= ASSIGNED TASK =
Would you retype the listing word for word, skipping its pictures?

= RECORDED INFORMATION =
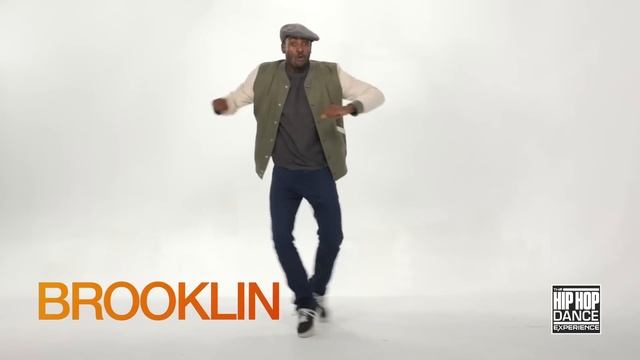 The Hip Hop Dance Experience - History of Dance смотреть онлайн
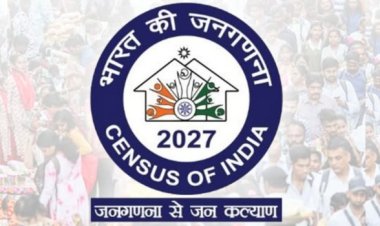 जनगणना का पहला चरण आज से कई राज्यों में शुरू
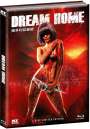 Pang Ho-Cheung: Dream Home (Blu-ray & DVD im wattierten Mediabook), BR,DVD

= YOUR SOLUTION =
 The Hip Hop Dance Experience - History of Dance смотреть онлайн
 जनगणना का पहला चरण आज से कई राज्यों में शुरू
 Pang Ho-Cheung: Dream Home (Blu-ray & DVD im wattierten Mediabook), BR,DVD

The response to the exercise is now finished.